The DNM model’s unique construction offers interpretability which sets it apart from other neural networks. This interpretability allows for the effective elimination of unwanted features and facilitates structural tuning. As a result, the DNM model is more adaptable compared to general neural networks.
4.5. Sensitivity Analysis
To evaluate the robustness of the model, this section conducts a sensitivity analysis on the final model. In real-world residential electricity consumption forecasting, many variables are prone to errors. For example, variables such as house area and swimming pool usage time are typically provided by homeowners rather than being measured accurately, and thus may contain certain deviations. Additionally, some errors may also exist during data filtering and construction processes. Therefore, it is necessary to perform a sensitivity analysis on the DNM model.
In this study, we introduced perturbations to the final input dataset of the model to evaluate its sensitivity. Specifically, three random variables were selected from the dataset in each iteration, and perturbations with a magnitude of 0.05 (a commonly used perturbation level) were added. This process was repeated 10 times under the perturbation condition, and the model evaluations were recorded. The detailed results are presented in
Table 9.
The mean value of
in the
Table 9 is 0.6903, which differs by approximately 0.05 from the model’s performance of 0.7423 without any perturbation. This result indicates that the DNM model’s prediction
variation under noise is within an acceptable range. The model demonstrates good stability and is capable of handling the residential electricity prediction task under data perturbation.

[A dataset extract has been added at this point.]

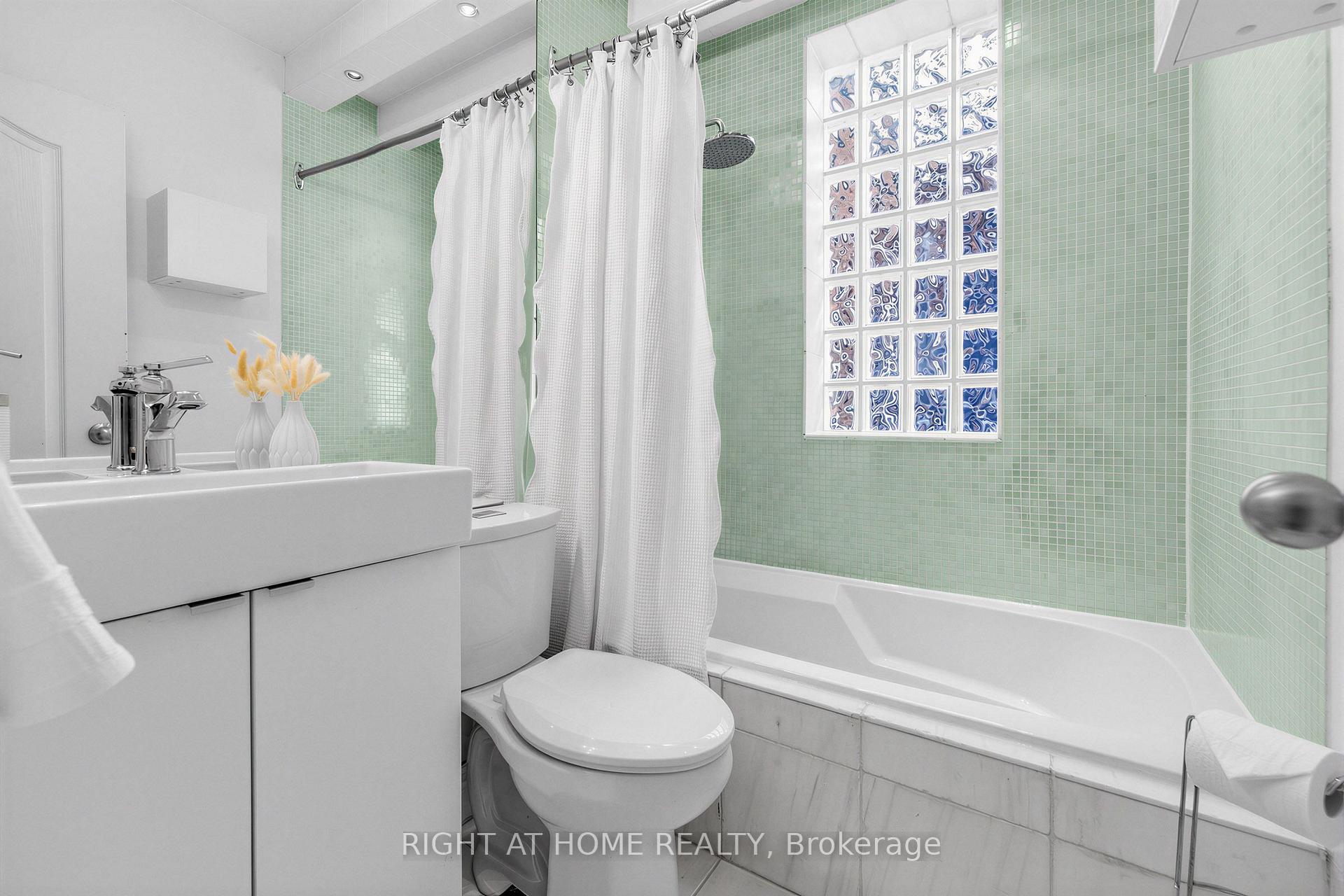 Photo 14 of 117 Concord Avenue, Toronto, Palmerston-Little Italy — HOMEH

4.6. Practical Significance
The data in this paper comes from the 2020 Residential Energy Consumption Survey, which primarily targets U.S. households. From the final model predictions, it can be seen that Features 2, 3, 4, and 5 are all components of the total electricity consumption. Feature 2 represents electricity usage excluding space heating, space cooling, and refrigerators, and it is undoubtedly closely related to the total electricity consumption. Features 3 and 4 represent the electricity consumption for space cooling and heating, which play a significant role in the total electricity consumption. This indicates that space cooling and heating are major sources of household electricity consumption. Feature 5 corresponds to the electricity consumption for water heating. Given the significant time spent on water usage in daily life, the electricity consumption for water heating contributes notably to the total electricity consumption prediction. The above features are the ones that need to be constructed. There are only two features that do not require construction: the house’s square footage and the months during which the pool was used last year. It is evident that house size is positively correlated with electricity consumption—larger houses tend to consume more electricity. As for the pool’s electricity usage, it is clearly higher than that of any other appliance, even the entire house’s consumption. Therefore, if electricity saving is desired, paying attention to the consumption of space cooling or heating, reducing the frequency of water heating, and limiting the use of the pool can be quite helpful.